The projected spike in technology consumption led the company to look for an outsourcing partner. "If someone was running a data center three or four times as large as ours, they could do it at a much better level of economics," said Salow.

For its part, IBM is looking to expand its outsourcing business, which already constitutes a big chunk of its revenues (IBM Global Services posted $10 billion in outsourcing revenues the first quarter of 2002).

Equally important is its expertise in managing data centers. IBM has begun delivering the latest data center technologies to its customers directly from its R&D labs. "We will match up people from IBM Research with a bank to do something with new technology," said IBM's Peyser.

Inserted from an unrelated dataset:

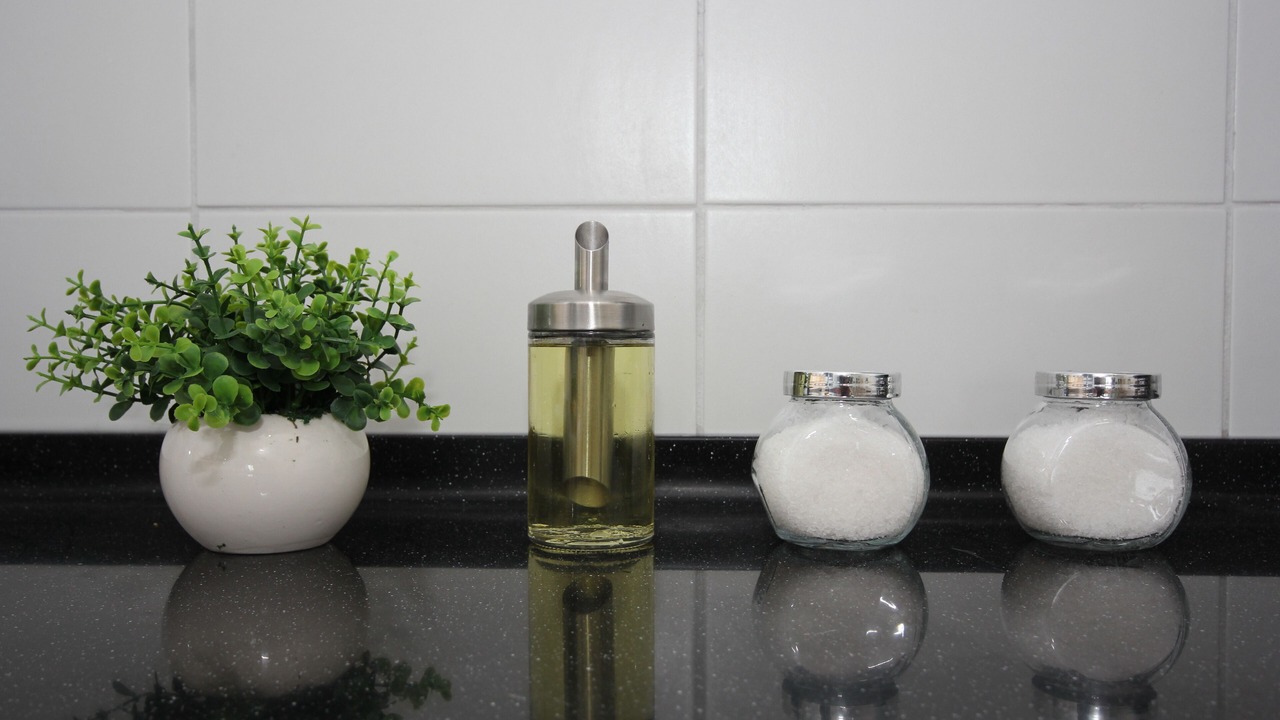 Photo of Bathroom in Subang Jaya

Acting as roving centers of excellence, teams of IBM employees move from account to account, honing their skills at each stop. The knowledge they gain enables IBM to price deals more aggressively. At American Express, for example, many of the 2,000 employees being transferred to IBM will eventually be shifted to other accounts as labor-saving technologies are introduced. "Over time, IBM will engage some of the technologies that enables them to do more things with fewer employees," said Salow.

CREATION: J.P. Morgan Chase

J.P. Morgan Chase spent several years and hundreds of millions of dollars building i-Vault, a state-of-the-art facility for storing and accessing billions of images of checks, statements, signature cards and other types of document. When it was completed, Chase hit upon the idea of offering it to smaller banks on a service provider basis.

There was one hitch, however. Since most banks that would be interested in using i-Vault lacked an image capture capability, how would the images get created in the first place? The answer: take a medium that's readily available to most financial institutions-microfilm-and digitize it. That led Chase to team up with ACS, a leading provider of microfilm services, to offer banks the benefits of document imaging without the expense of building an in-house system.